>>>
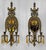 A Pair of 1920's Empire Crystal Prism Candle Wall Sconces Solid Brass with French Empire Urn Torched Crown Monumental...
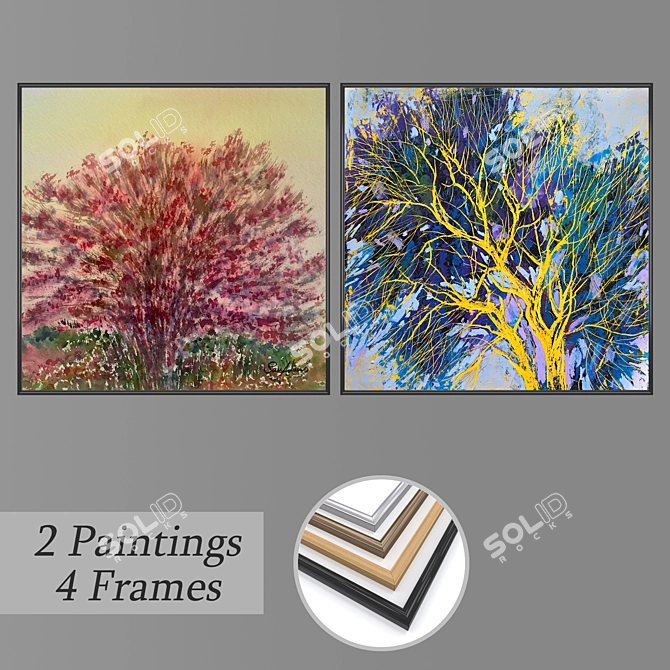 Modern Wall Art Set with Multiple Frame Options 3D model image 1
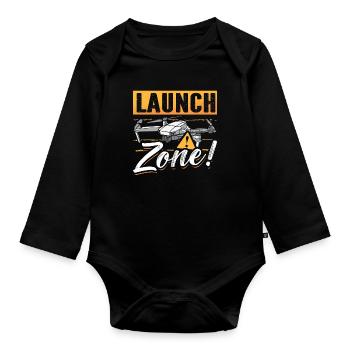 Drone Racing Launch Zone Drone Race Racing Machine - Baby Bio-Langarm-Body - Schwarz - Vorne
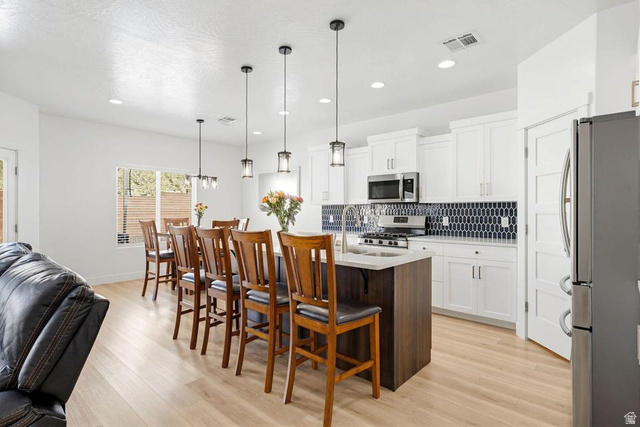 5963 Flattop Drive St. George, UT 84790 - Photo 11 of 45 Open-concept kitchen featuring white shaker cabinetry, stainless steel appliances, and a dark blue geometric tile backsplash
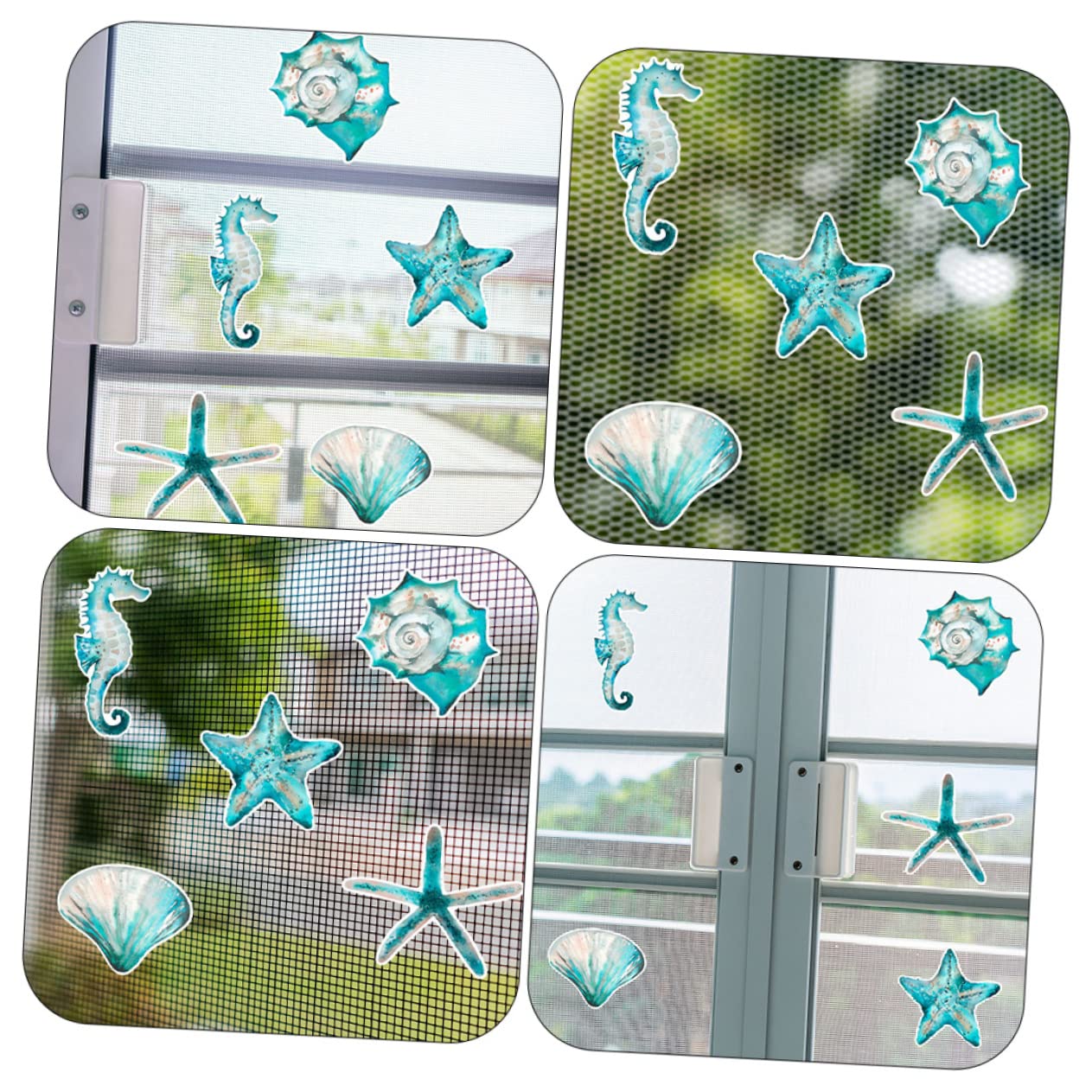 Cabilock 4 Juegos Pegatinas Anticolisión Para Ventanas Calcomanías Para Colisiones Con Decoración Del Océano Decoración De Conchas Marinas Calcomanías Para Ventanas Para 10 Uds * 4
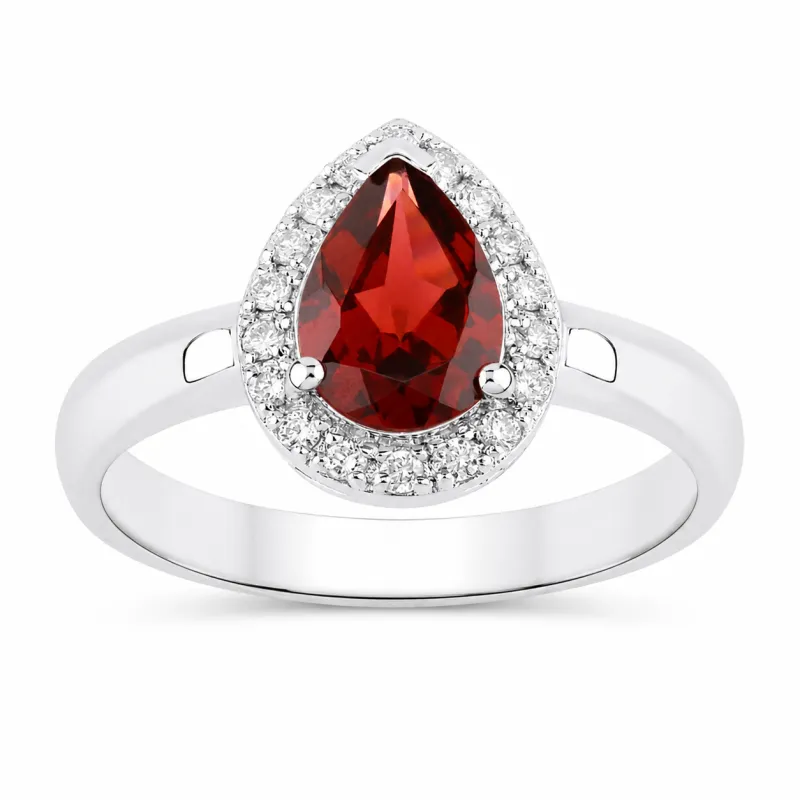 1.30 Ct Pear Red Mozambique Garnet & Lab Diamond Prong Silver Halo Ring made by Zulily
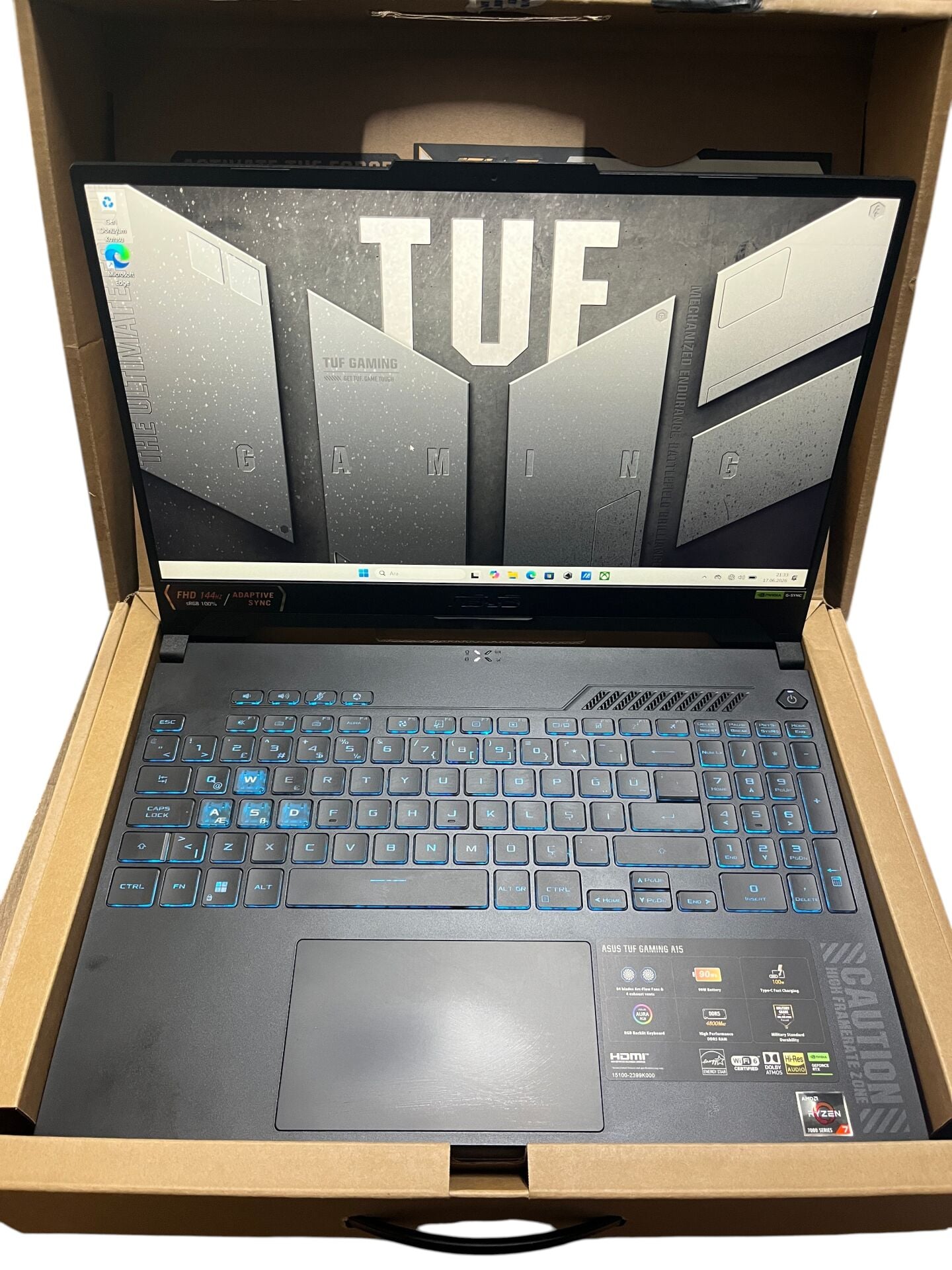 Kutulu Garantili Asus TUF Ryzen 7 7435HS 16 Ram 512 GB RTX 4050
<<<
Assigned task =>
The entries should be printed again exactly as written, leaving all pictures out.

Response to this exercise =>
 A Pair of 1920's Empire Crystal Prism Candle Wall Sconces Solid Brass with French Empire Urn Torched Crown Monumental...
 Modern Wall Art Set with Multiple Frame Options 3D model image 1
 Drone Racing Launch Zone Drone Race Racing Machine - Baby Bio-Langarm-Body - Schwarz - Vorne
 5963 Flattop Drive St. George, UT 84790 - Photo 11 of 45 Open-concept kitchen featuring white shaker cabinetry, stainless steel appliances, and a dark blue geometric tile backsplash
 Cabilock 4 Juegos Pegatinas Anticolisión Para Ventanas Calcomanías Para Colisiones Con Decoración Del Océano Decoración De Conchas Marinas Calcomanías Para Ventanas Para 10 Uds * 4
 1.30 Ct Pear Red Mozambique Garnet & Lab Diamond Prong Silver Halo Ring made by Zulily
 Kutulu Garantili Asus TUF Ryzen 7 7435HS 16 Ram 512 GB RTX 4050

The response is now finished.